When trust becomes probabilistic

This one really gets me. Google links to URLs that exist, whereas AI systems can completely make things up:

  • Why can LLMs fabricate citations while Google only links to existing URLs?
  • How does a 3-27% hallucination rate compare to Google’s 404 error rate?
  • Why do identical queries produce contradictory “facts” in AI but not in search indices?
  • Why do we still have outdated information in Turkish even though we ask up-to-date questions?

Are we optimizing for systems that might lie to users? How do we handle that?

Where this leaves us

I’m not saying AI search optimization/AEO/GEO is completely different from SEO. I’m just saying that I have 100+ questions that my SEO knowledge can’t answer well, yet.

Maybe you have the answers. Maybe nobody does (yet). But as of now, I don’t have the answers to these questions.

What I do know, however, is this: These questions aren’t going anywhere. And, there will be new ones.

The systems that generate these questions aren’t going anywhere either.
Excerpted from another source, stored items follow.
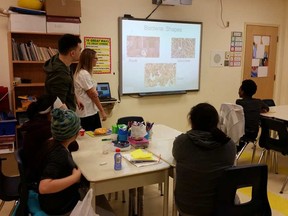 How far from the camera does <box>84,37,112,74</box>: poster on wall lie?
14.3ft

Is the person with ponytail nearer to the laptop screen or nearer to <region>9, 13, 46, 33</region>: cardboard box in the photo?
<region>9, 13, 46, 33</region>: cardboard box

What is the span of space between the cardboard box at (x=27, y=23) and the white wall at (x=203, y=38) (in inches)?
14.3

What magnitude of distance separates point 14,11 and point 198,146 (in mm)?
2728

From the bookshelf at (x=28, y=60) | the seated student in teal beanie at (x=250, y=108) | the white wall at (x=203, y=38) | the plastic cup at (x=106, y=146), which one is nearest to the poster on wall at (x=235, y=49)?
the white wall at (x=203, y=38)

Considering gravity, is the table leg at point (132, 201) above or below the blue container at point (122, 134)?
below

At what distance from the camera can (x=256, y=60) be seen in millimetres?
5953

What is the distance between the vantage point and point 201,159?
1856 mm

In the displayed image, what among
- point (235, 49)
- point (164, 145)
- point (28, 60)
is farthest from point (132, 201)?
point (235, 49)

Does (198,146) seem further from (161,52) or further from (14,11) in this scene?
(161,52)

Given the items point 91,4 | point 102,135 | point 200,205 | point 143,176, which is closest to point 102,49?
point 91,4

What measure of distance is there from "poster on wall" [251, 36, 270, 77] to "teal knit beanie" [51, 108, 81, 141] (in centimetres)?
491

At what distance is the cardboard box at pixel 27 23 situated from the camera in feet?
11.3

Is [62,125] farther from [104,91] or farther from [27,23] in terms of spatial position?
[104,91]

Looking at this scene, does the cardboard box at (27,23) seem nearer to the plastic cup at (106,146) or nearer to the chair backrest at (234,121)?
the plastic cup at (106,146) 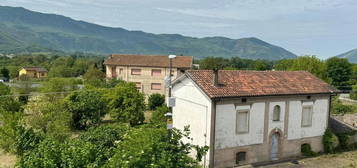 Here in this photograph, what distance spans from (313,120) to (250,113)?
5.87 metres

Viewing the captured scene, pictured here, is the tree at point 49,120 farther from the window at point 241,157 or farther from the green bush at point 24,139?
the window at point 241,157

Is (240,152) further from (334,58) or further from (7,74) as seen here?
(7,74)

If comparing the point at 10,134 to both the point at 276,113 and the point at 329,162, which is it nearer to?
the point at 276,113

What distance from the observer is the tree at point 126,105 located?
2984cm

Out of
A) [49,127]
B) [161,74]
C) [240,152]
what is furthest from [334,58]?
[49,127]

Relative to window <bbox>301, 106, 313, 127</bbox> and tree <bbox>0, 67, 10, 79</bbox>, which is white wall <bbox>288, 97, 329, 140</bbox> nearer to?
window <bbox>301, 106, 313, 127</bbox>

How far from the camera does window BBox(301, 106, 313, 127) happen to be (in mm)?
21984

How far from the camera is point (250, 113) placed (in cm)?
1981

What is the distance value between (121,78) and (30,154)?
4081 cm

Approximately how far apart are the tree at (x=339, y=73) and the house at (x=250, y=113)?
5457cm

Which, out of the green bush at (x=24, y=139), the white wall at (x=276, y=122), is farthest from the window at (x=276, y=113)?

We need to engage with them, test against them, and maybe – just maybe – develop new frameworks to understand them.

The winners in this new field won’t be those who have all the answers. There’ll be those asking the right questions and testing relentlessly to find out what works.

This article was originally published on metehan.ai (as 100+ Questions That Show AEO/GEO Is Different Than SEO) and is republished with permission.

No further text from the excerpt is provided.